» THE PROBLEM
Would you transcribe only the lines below, from the one containing "田东恒力广场公众号二维码" through the end of the material, exactly and with no pictures?

» PROVIDED DATA
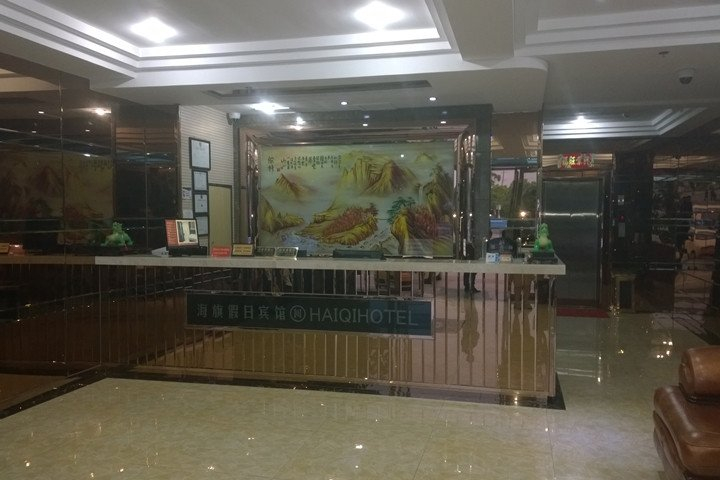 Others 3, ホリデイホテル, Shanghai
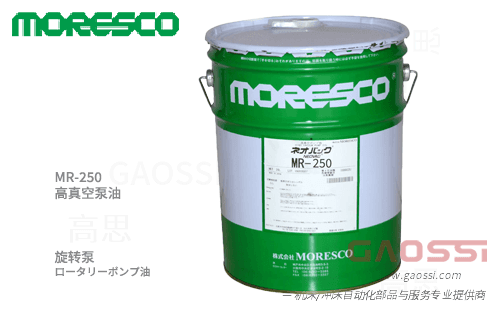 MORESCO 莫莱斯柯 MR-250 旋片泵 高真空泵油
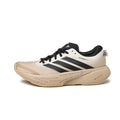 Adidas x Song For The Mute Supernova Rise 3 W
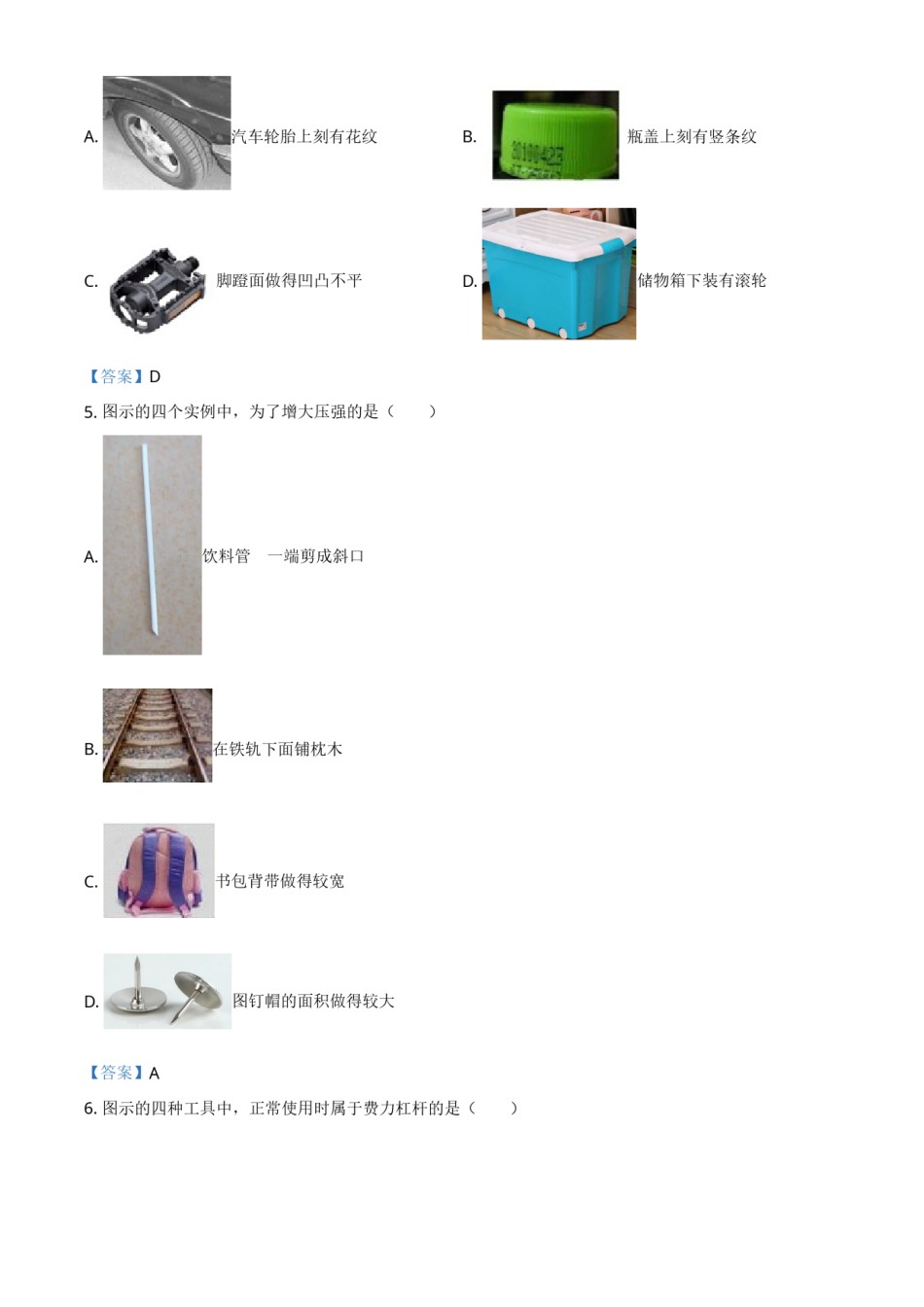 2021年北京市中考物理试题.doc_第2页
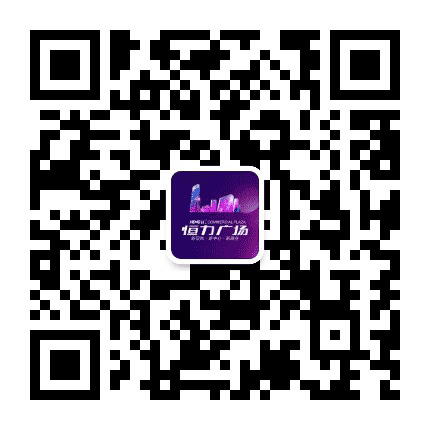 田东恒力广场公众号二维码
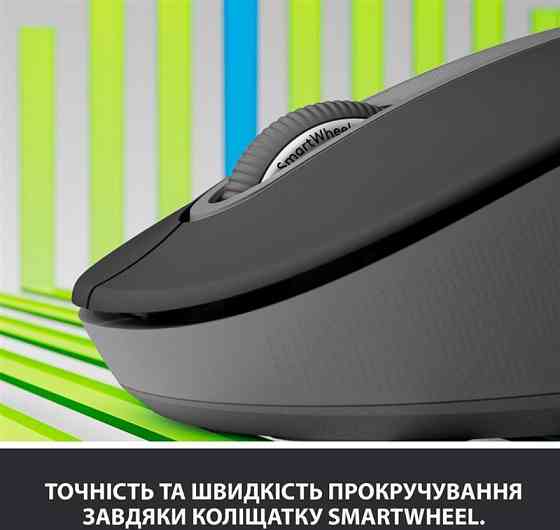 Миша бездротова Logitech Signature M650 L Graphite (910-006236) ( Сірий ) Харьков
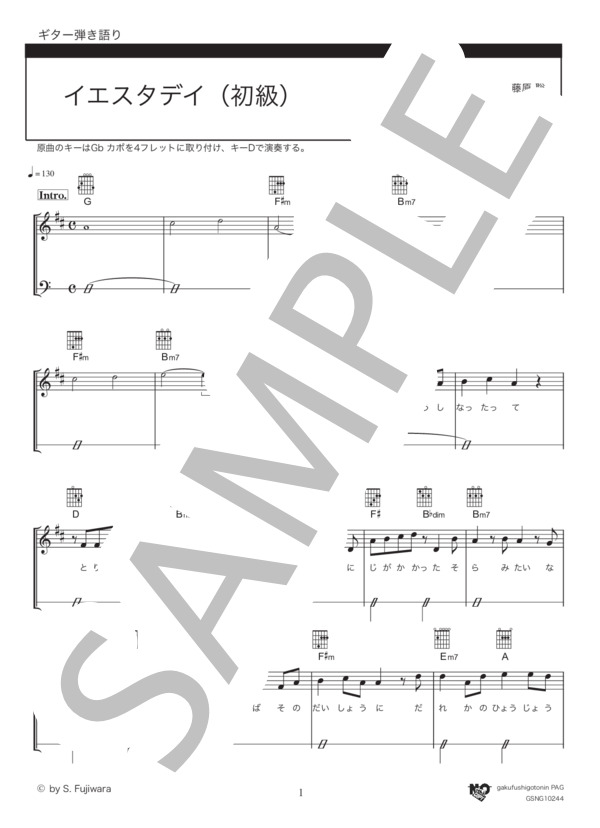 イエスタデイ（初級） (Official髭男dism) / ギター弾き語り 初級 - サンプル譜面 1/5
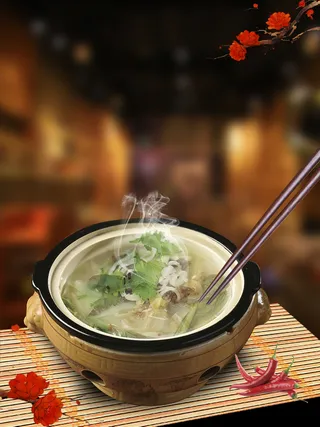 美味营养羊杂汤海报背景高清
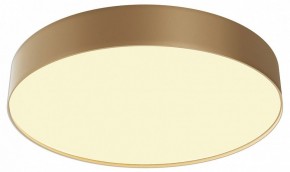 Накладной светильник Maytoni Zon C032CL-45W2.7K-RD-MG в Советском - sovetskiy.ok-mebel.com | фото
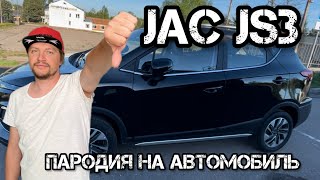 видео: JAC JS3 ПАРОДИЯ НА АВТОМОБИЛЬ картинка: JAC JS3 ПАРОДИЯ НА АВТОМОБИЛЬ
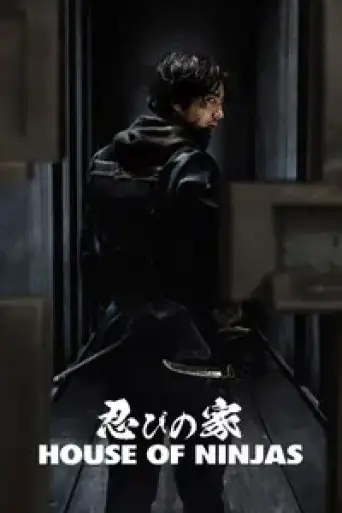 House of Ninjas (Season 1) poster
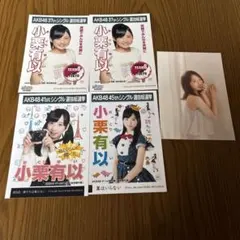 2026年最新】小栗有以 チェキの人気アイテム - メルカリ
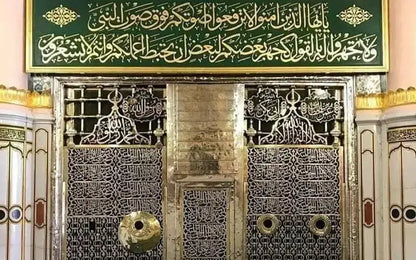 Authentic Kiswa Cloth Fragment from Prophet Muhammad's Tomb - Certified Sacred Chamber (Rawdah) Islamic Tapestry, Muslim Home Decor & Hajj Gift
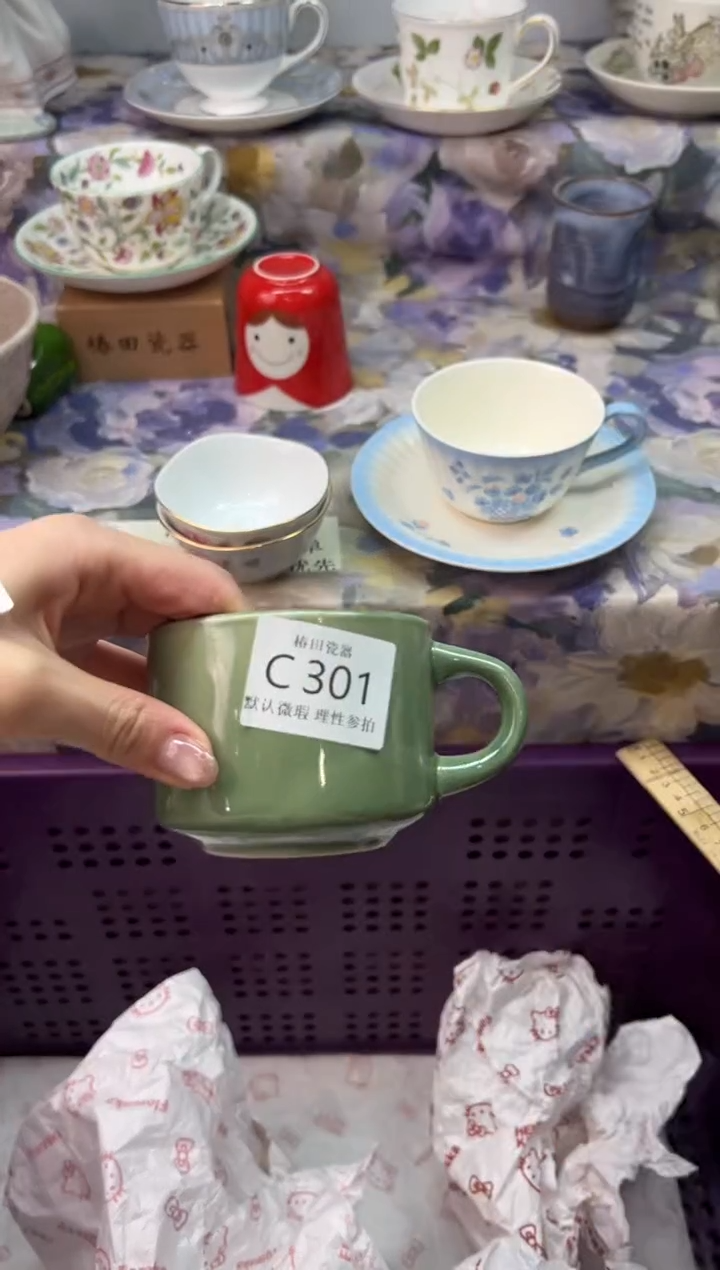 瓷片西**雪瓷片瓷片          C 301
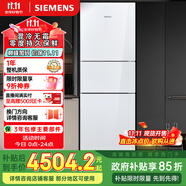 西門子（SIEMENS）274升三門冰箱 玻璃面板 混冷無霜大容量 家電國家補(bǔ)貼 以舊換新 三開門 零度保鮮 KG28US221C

» TASK ANSWER
 田东恒力广场公众号二维码
 Миша бездротова Logitech Signature M650 L Graphite (910-006236) ( Сірий ) Харьков
 イエスタデイ（初級） (Official髭男dism) / ギター弾き語り 初級 - サンプル譜面 1/5
 美味营养羊杂汤海报背景高清
 Накладной светильник Maytoni Zon C032CL-45W2.7K-RD-MG в Советском - sovetskiy.ok-mebel.com | фото
 видео: JAC JS3 ПАРОДИЯ НА АВТОМОБИЛЬ картинка: JAC JS3 ПАРОДИЯ НА АВТОМОБИЛЬ
 House of Ninjas (Season 1) poster
 2026年最新】小栗有以 チェキの人気アイテム - メルカリ
 Authentic Kiswa Cloth Fragment from Prophet Muhammad's Tomb - Certified Sacred Chamber (Rawdah) Islamic Tapestry, Muslim Home Decor & Hajj Gift
 瓷片西**雪瓷片瓷片          C 301
 西門子（SIEMENS）274升三門冰箱 玻璃面板 混冷無霜大容量 家電國家補(bǔ)貼 以舊換新 三開門 零度保鮮 KG28US221C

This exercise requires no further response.